Is a pizza with Brussels sprouts and honey still an authentic pizza?

Yes, according to Angelo Womack, one of the owners of Los Gatos’ new pizza-centric restaurant, Oak & Rye—so long, he says, as the concoction is fun and tastes good.

Womack learned to push the boundaries of pizza-making as chef at Brooklyn’s acclaimed pizza joint, Roberta’s. Following a quick remodel over the summer, Oak & Rye opened last month in the space previously occupied by Restaurant James Randall and, in fact, retained RJR’s former executive chef, Ross Hanson. He oversees Oak & Rye’s non-pizza fare, which includes small plates, steaks, chops and chicken, while Womack focuses on turning out unconventional pies from Oak & Rye’s new wood-fired pizza oven. talked with Womack about all things wood-fired. How does baking pizza in a wood-fired oven make the pizza taste different than a standard gas oven?

Womack: It’s the element of heat. A regular oven, you can only bring them up to certain temperatures. But with these wood-fired ovens, I can bring my ovens to 1050 degrees if I like. What these ovens do, if you use them the right way, they should give [pizzas] a char. If you do your dough the right way, that char should taste almost sweet instead of bitter.

Are you doing traditional thin crust Neapolitan style pizzas?

We are Neapolitan-inspired in that it’s not too complex. You basically want to showcase the produce and meats. When you cook things in the wood-fired oven, it cooks so fast, you’re not losing the essence of your items. A pizza in here cooks about a minute and a half, compared to most pizzerias which are about 8-10 minutes. Our crust has life to it, like a French baguette: crispy outside and a very tender inside.
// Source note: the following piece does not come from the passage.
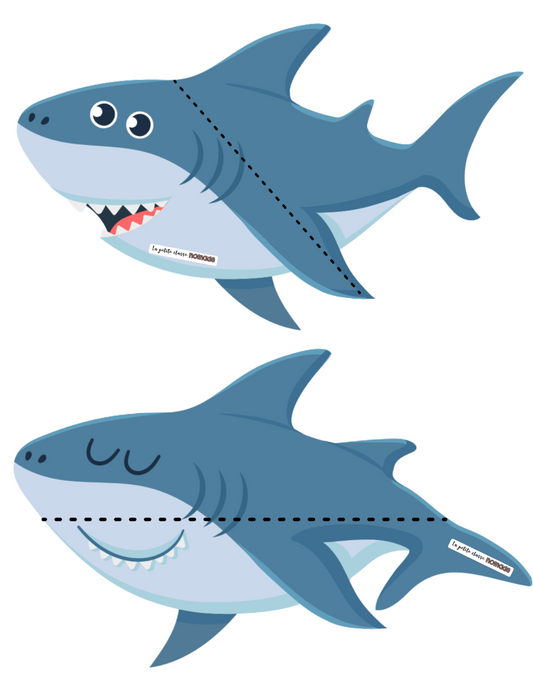 Atelier de mesures - Requins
You use some interesting ingredients like fennel (Fennel Destination) and egg (Hog Whisperer).

The most popular is one called the Scotty 2 Hottie. It’s a pizza I made at Roberta’s in New York called the Bee Sting, and it got big there, so I brought it here. It has sopressata and honey. It’s a really great balance of spicy and sweet.

You also have the Brussel and Flow, but Brussels sprouts might be a tough sell for some pizza eaters. How do you make that work?

You roast the Brussels sprouts halfway then you cook them on the pizza the rest of the way. It’s like a cabbage. Put that with some prosciutto cotto, which is like a ham. What gives it the most flavor—other than the Brussels sprouts—is the pecorino cheese, which is a sharp sheep’s milk cheese. So that really helps it pop. There’s the sweet onion on there. It’s a very well balanced pie. People get very surprised when they try it.